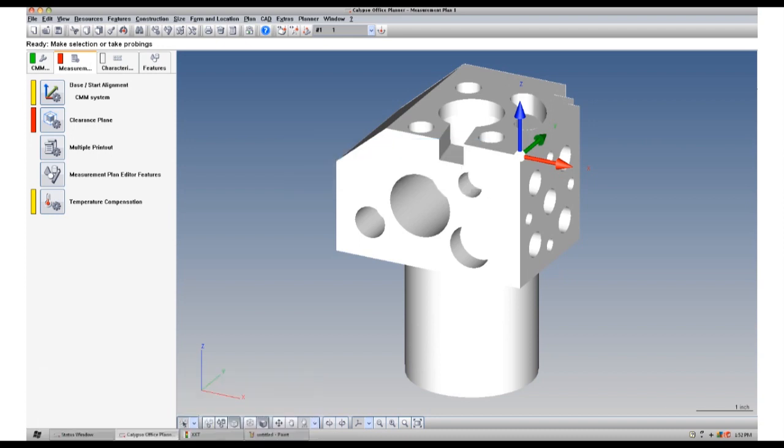What you will see in this video is how to create a best fit iterative alignment using Freeform. Freeform is an optional Calypso add-on package.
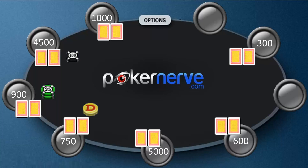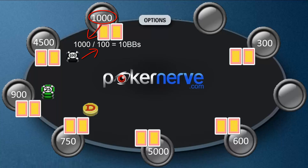Big blinds are generally just referred to as BBs. So if a player has a 10 BB stack in a game where the big blind is $100, he has $1,000 in his stack, as you see here. Let's calculate the other stacks using BBs.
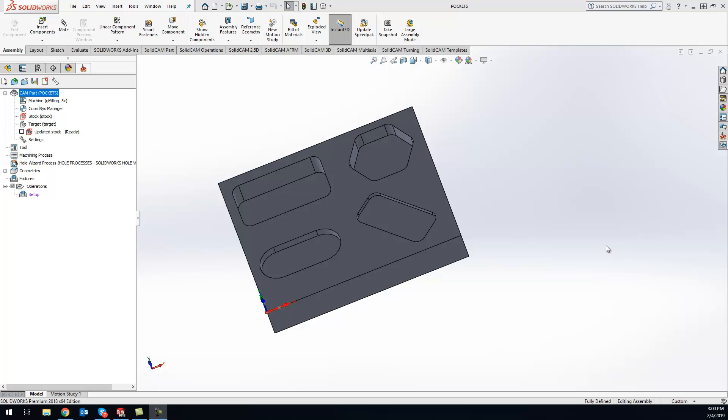Hey guys, Kevin here with your KevCam tip of the day. Today I want to show you how to create simple 3D stock right inside your SolidCAM project. Let's get the ball rolling.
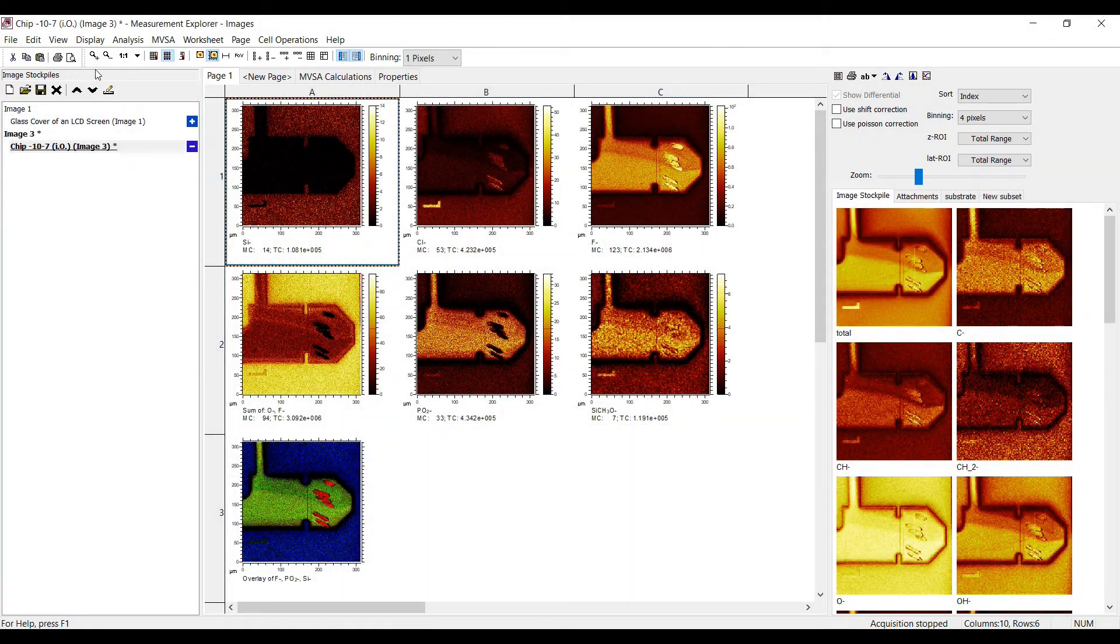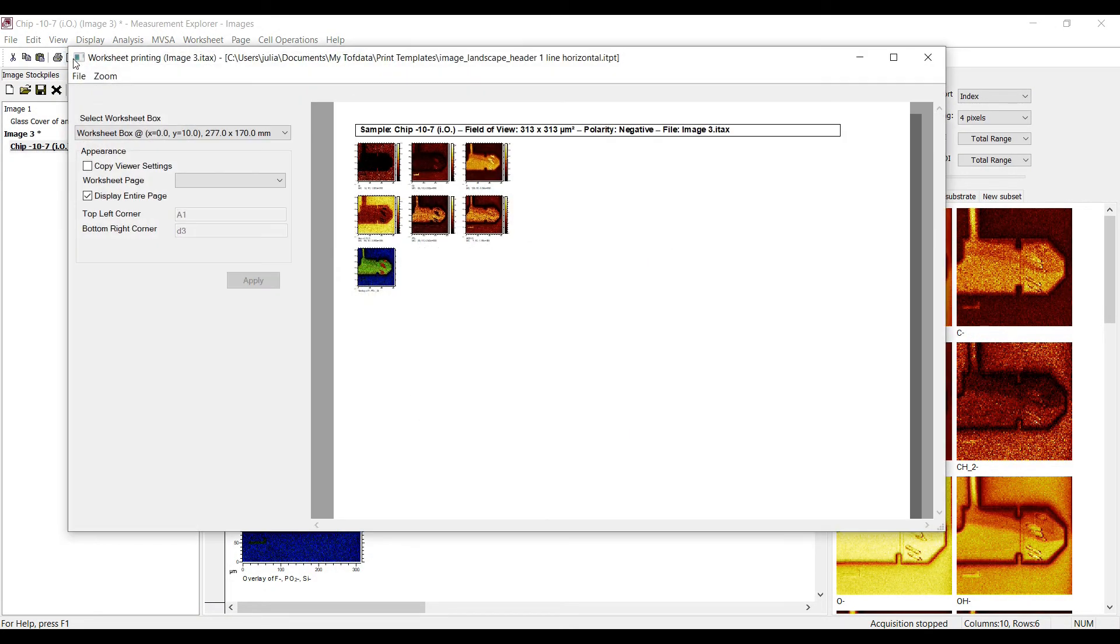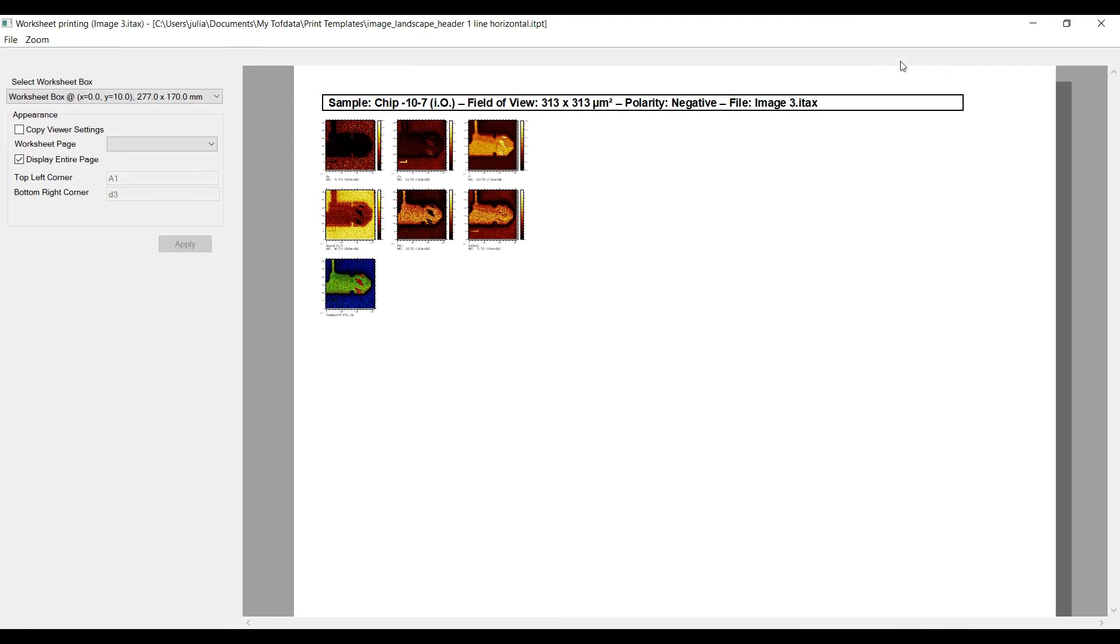The easiest way to bring images from the worksheet to your report is the print preview. You can select a certain range of the worksheet page to be shown in the printout. For this, the respective cell notation has to be used to define the start and the end of the shown range.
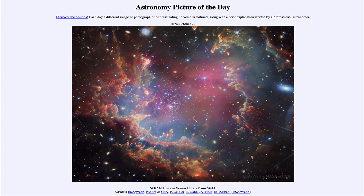Greetings and welcome to the Astronomy Picture of the Day podcast. Today's picture for October 29th of 2024 is titled NGC 602, Stars vs. Pillars from Webb.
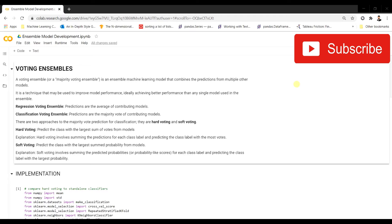In classification voting ensembles, we do a majority vote from all the predictions from the models. There are two kinds of voting: hard voting and soft voting. In hard voting, the model predicts the class with the largest sum of votes — it takes the majority vote from all model predictions. In soft voting, it takes the probability from each model, sums the probabilities for each class, and predicts the class with the maximum summed probability.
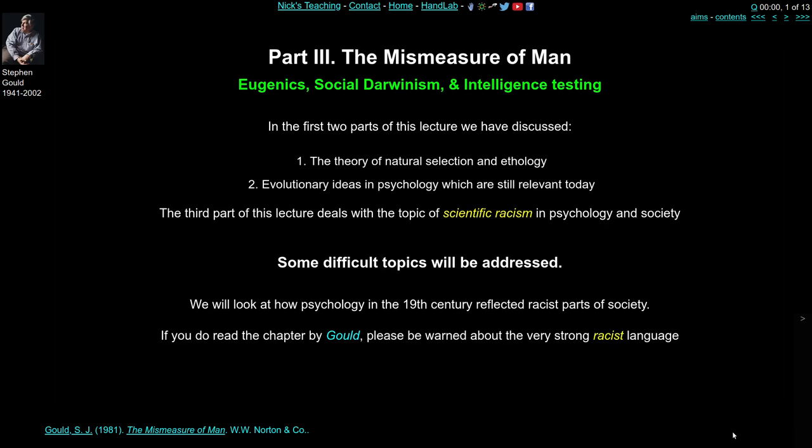Warning at this stage: we're going to talk about some pretty difficult topics. There will be examples of racism and criticisms of racism in the past, and I think it's important for us to address this topic. I hope you all appreciate the difficult, sensitive nature of these issues and we really want your feedback on anything that you think we could do better or differently. So we're going to look at how psychology in the 19th century probably reflected a lot of the racist views of parts of society at that time, focusing on English-American society of the late 1800s.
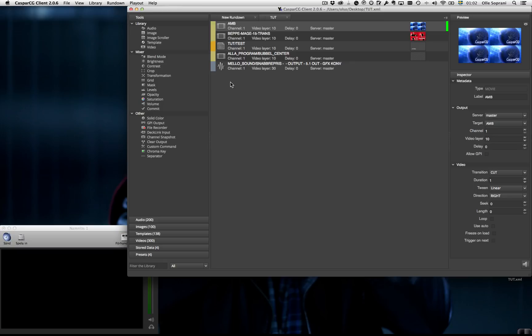Hi, this is Oli Soprani. I'm going to show you a simple setup for a lower third.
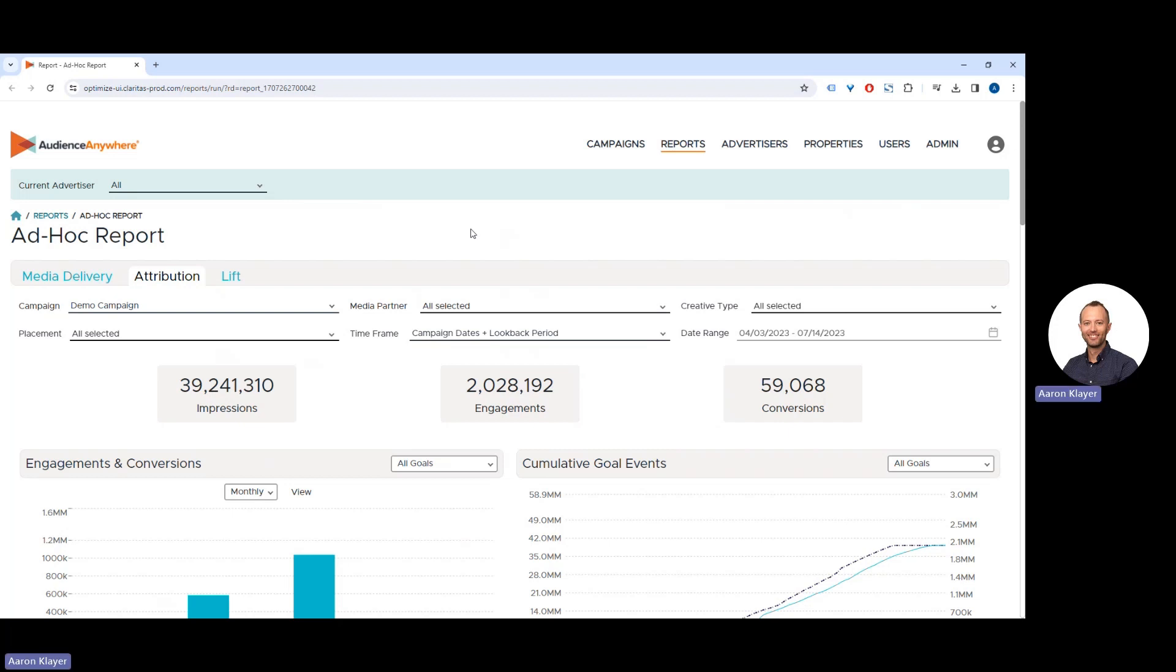To view attribution reporting, once you've run your report, simply navigate to the attribution tab.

★ ★ ★ ★ ★

◆ Required work ◆
Nothing should appear in the reply except the lines from the start of the listing above through the line with "Hey guys, Kevin", repeated exactly and free of pictures.

◆ Written solution ◆
What you will see in this video is how to create a best fit iterative alignment using Freeform. Freeform is an optional Calypso add-on package.
Big blinds are generally just referred to as BBs. So if a player has a 10 BB stack in a game where the big blind is $100, he has $1,000 in his stack, as you see here. Let's calculate the other stacks using BBs.
Hey guys, Kevin here with your KevCam tip of the day. Today I want to show you how to create simple 3D stock right inside your SolidCAM project. Let's get the ball rolling.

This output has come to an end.